Theresa May started 2018 with a reshuffle of several top positions. After six months as justice secretary, David Lidington became cabinet office minister. He was replaced by David Gauke, the first solicitor to hold the position of justice secretary and lord chancellor. During this challenging time for the prison system, it is hoped that his experience will help him to bring about positive, long-term change.

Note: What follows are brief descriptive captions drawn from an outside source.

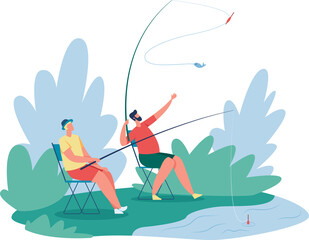 People fishing on river coast, relax outdoor. Vector fisherman hobby, leisure and vacation illustration
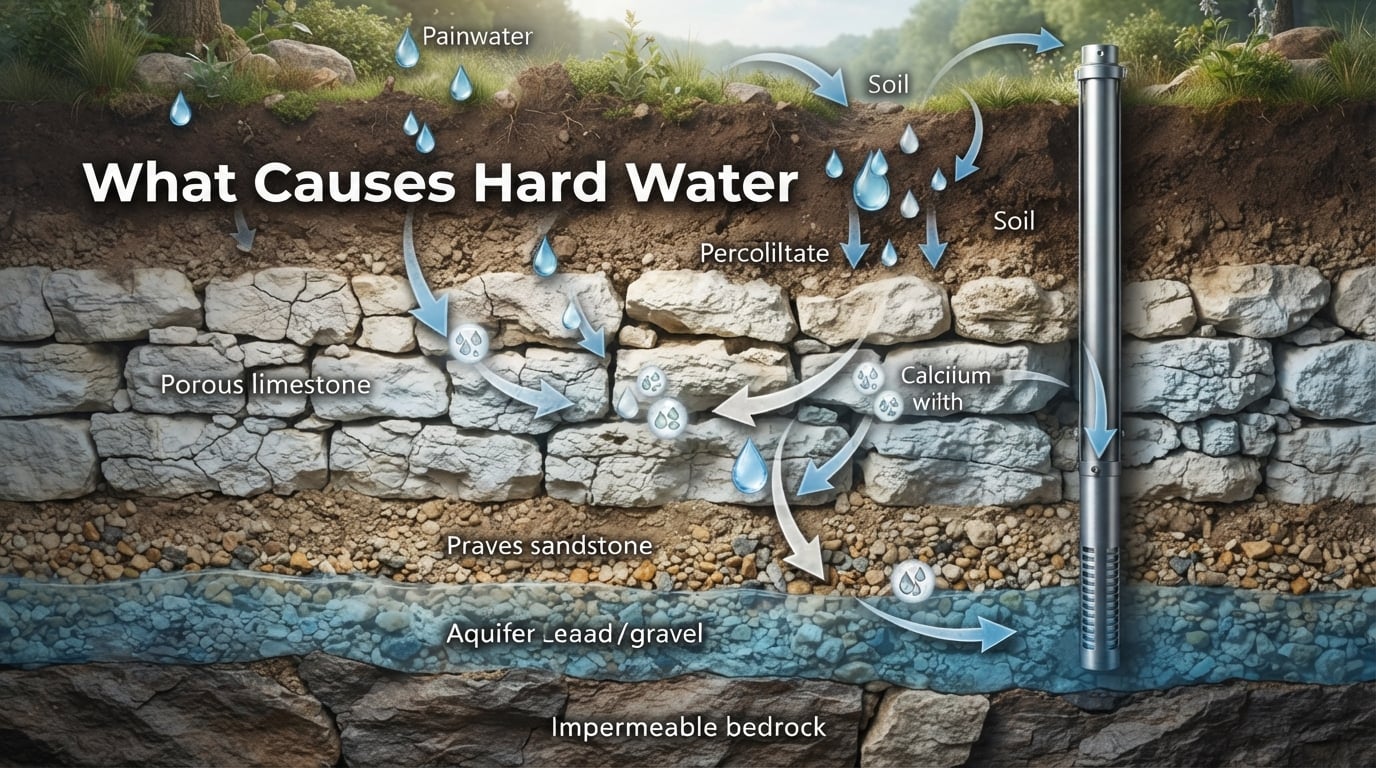 What causes hard water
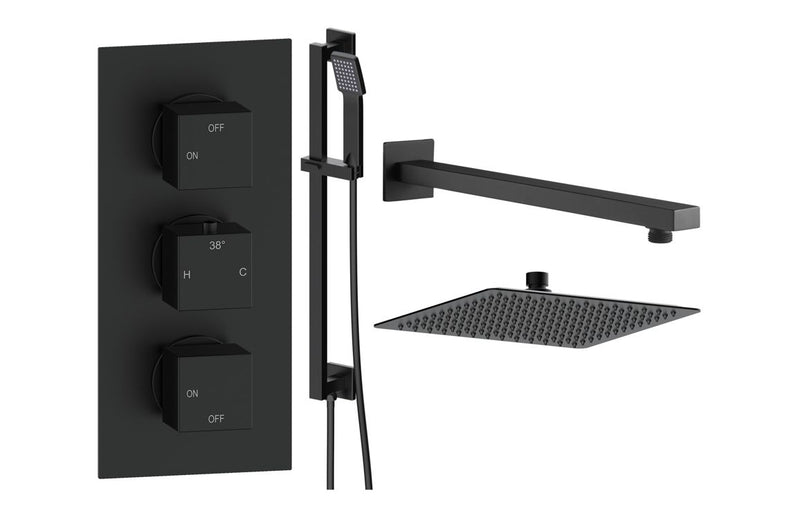 Mereva Newquay Square Shower Valve & Kit Pack 3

Here’s an introduction to the new justice secretary, including his career, voting record and priorities in his new role.



  • David Gauke is a Conservative politician and solicitor.
  • He has been the MP for South West Hertfordshire since 2005.
  • Gauke gained a Bachelor of Arts degree in law in 1993, at St Edmund Hall, Oxford.
  • He graduated in the legal practice two years later at the College of Law, Chester.
  • He trained with Richards Butler and became a solicitor in 1997.
  • Gauke was elected to the House of Commons in the 2005 general election, for Hertfordshire South West.
  • He was re-elected at the 2010 general election and was appointed exchequer secretary to the treasurer.
  • In 2016, he was made chief secretary to the treasury in Theresa May’s ministry.
  • He was made secretary of state for work and pensions in June last year.
  • May appointed him as secretary of state for justice and lord chancellor on January 8, 2017.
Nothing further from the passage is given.